The cosmic microwave background indicates that only about 37% of the matter in the universe is the everyday baryonic matter that strongly interacts with light and makes up stuff like you and me. The other 63% must be something other than regular matter. Even though a fraction of the “dark mass” in galaxies is regular matter, we usually use the term dark matter to refer to the 63% labelled as “other”.

The two main properties of dark matter are that it doesn’t interact strongly with light (so we don’t see its direct effect on light and regular matter) and it is some kind of matter (so it gravitationally attracts regular matter and dark matter alike). This is sometimes further divided into three types, known as cold, warm, and hot (basically categorized by the average speed of its particles).

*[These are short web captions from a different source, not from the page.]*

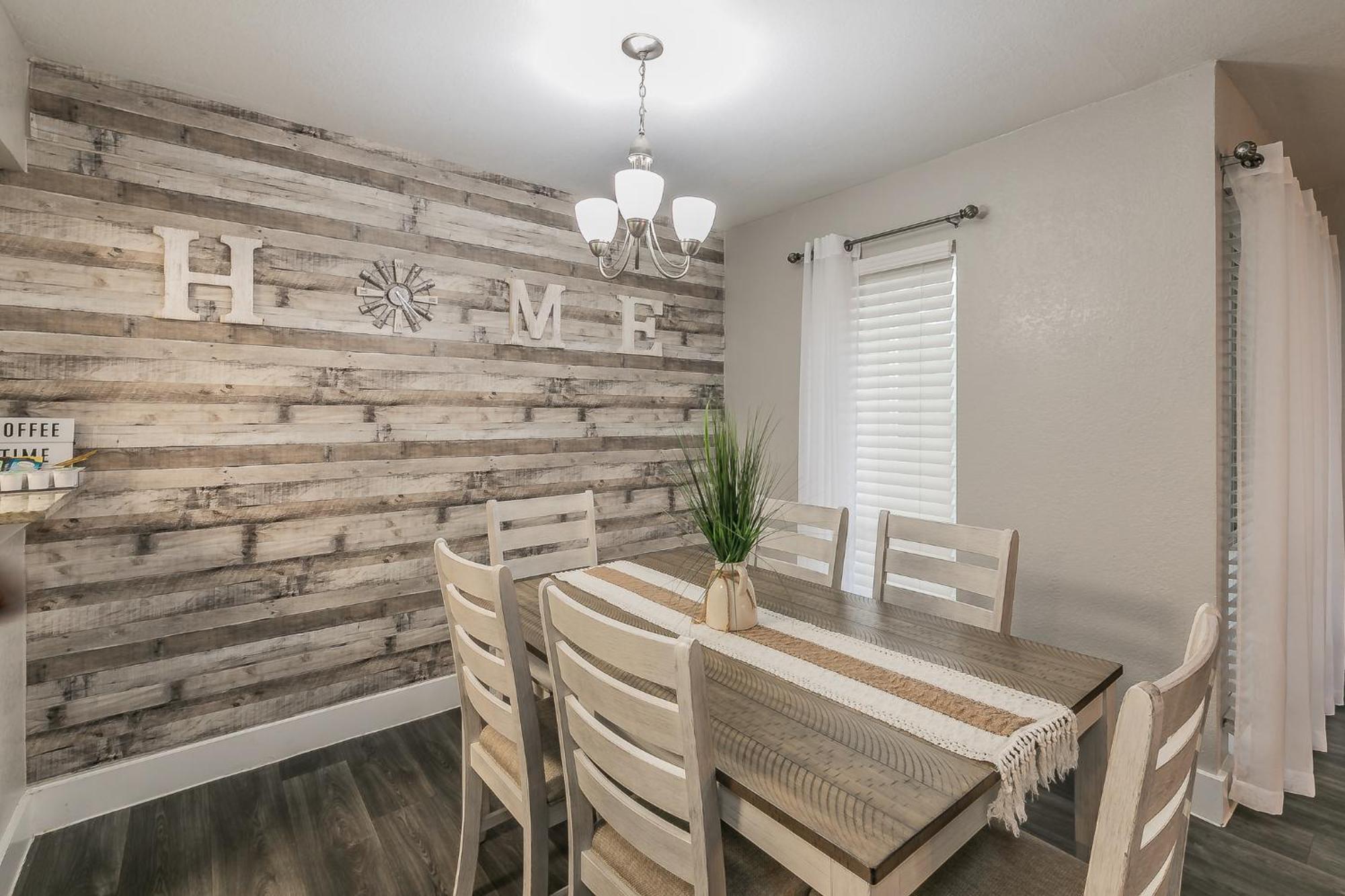 Cozy 2Br Farmhouse Apt - Sleeps 8 - Free Parking! Arlington Kültér fotó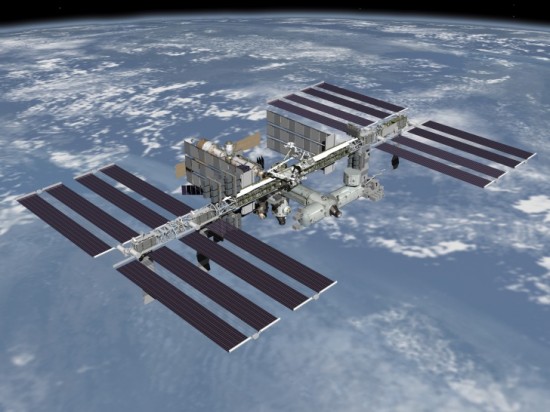 International-Space-Station-550x412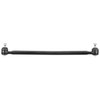 STEERING DRAG LINK - image 2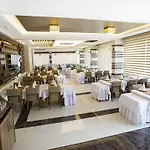 Lavin & 4* دنيزلي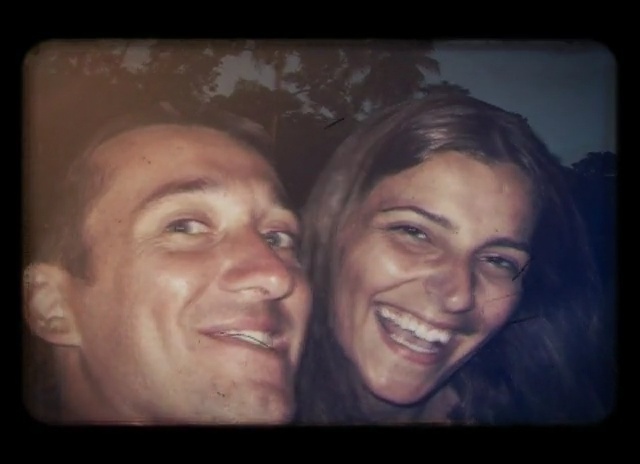 Video Reference: face, facial expression, person, nose, smile, emotion, head, portrait, cheek, chin
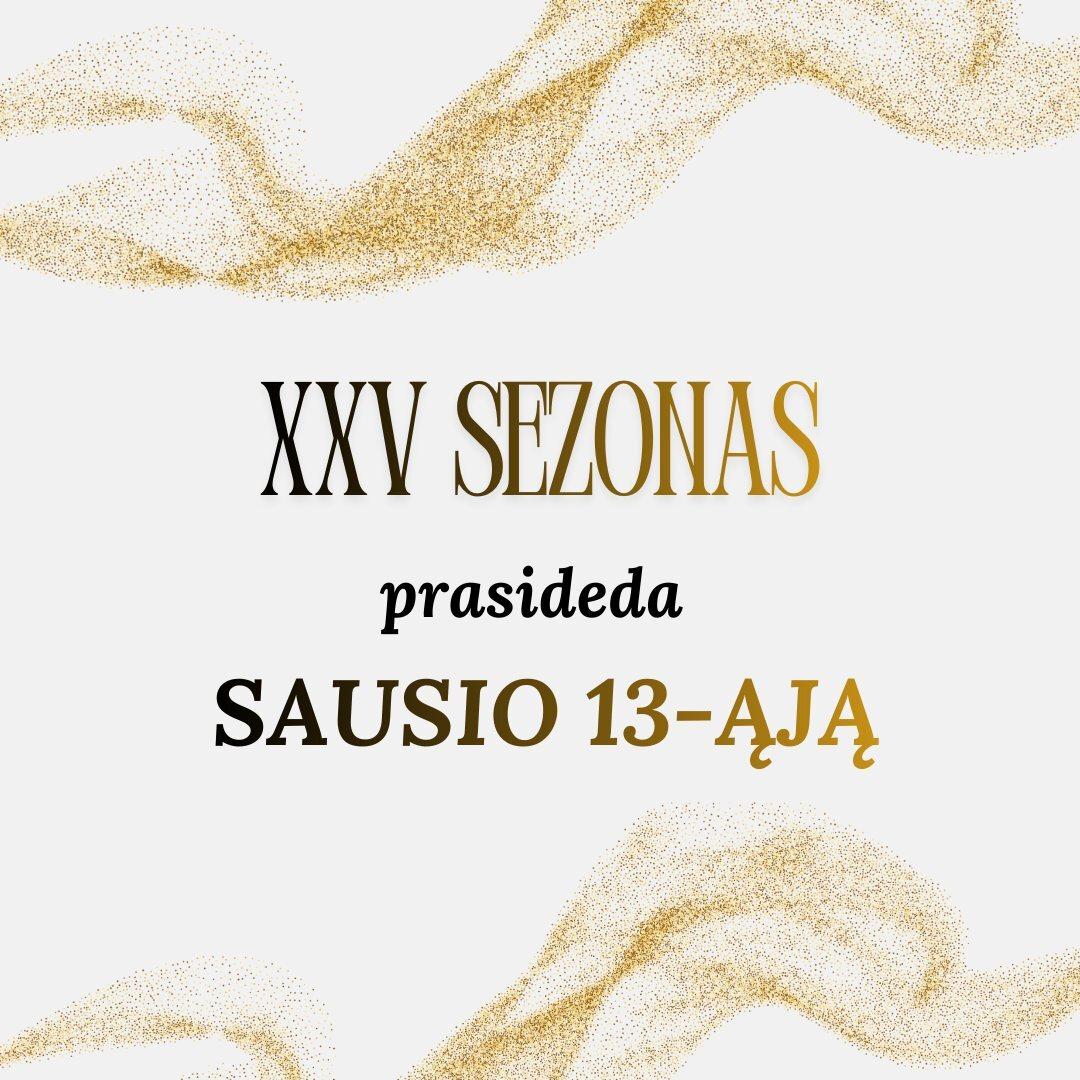 t612294581-1313466690815231-8285200190856429566-n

We know that hot dark matter exists in the form of neutrinos. They are called hot dark matter because they travel at nearly the speed of light (as opposed to warm and cold, with slower moving particles). There are three types of neutrinos, and we know they have mass because neutrinos can oscillate between the different types. If neutrinos were massless, then they would move at the speed of light and couldn’t change between types. I’ve written about this in detail before.

What we don’t know is just how much mass they have. But we do have an idea of their maximum total mass. Moments after the big bang, the initial electrons, photons and neutrinos of the universe were produced. This means the number of neutrinos in the universe is related to the number of photons. We can calculate the photon number by observing the cosmic microwave background, so we have a good idea of the number of neutrinos in the universe. If the neutrinos had a larger mass their gravity would affect the distribution of galaxies. Galaxy surveys see no such effect, which means the total mass of all three neutrino types can be no more than 2 millionths the mass of an electron.

When you take this upper limit and the number of neutrinos in the universe you find that they can only make up about 10% of the initial mass of the universe. This isn’t nearly enough to account for dark matter. But what if those neutrinos are all clumped around galaxies, couldn’t that (plus a bit of MACHOs and the like) account for the galactic observations? Since neutrinos are “hot”, they have lots of kinetic energy to escape the gravitational pull of galaxies, so neutrinos or any other hot dark matter wouldn’t clump much around galaxies. So even though neutrinos could be a part of dark matter, they can’t be a large part of it, and they wouldn’t clump around galaxies they way we observe.

Because of this clumping behavior, most of the research effort focuses on cold dark matter. This is dark matter that isn’t moving at relativistic speeds. It would therefore tend to clump around areas that have a lot of regular matter, such as galaxies. The real question is what such cold dark matter actually is.

One proposal has been a type of black hole known as a primordial black hole. Unlike regular black holes, which are formed from the collapse of large stars, primordial black holes would have formed in the earliest moments of the universe from the density fluctuations in the early universe. Assuming they formed before the creation of baryons, these would be non-baryonic, and wouldn’t be excluded by the cosmic microwave background observations.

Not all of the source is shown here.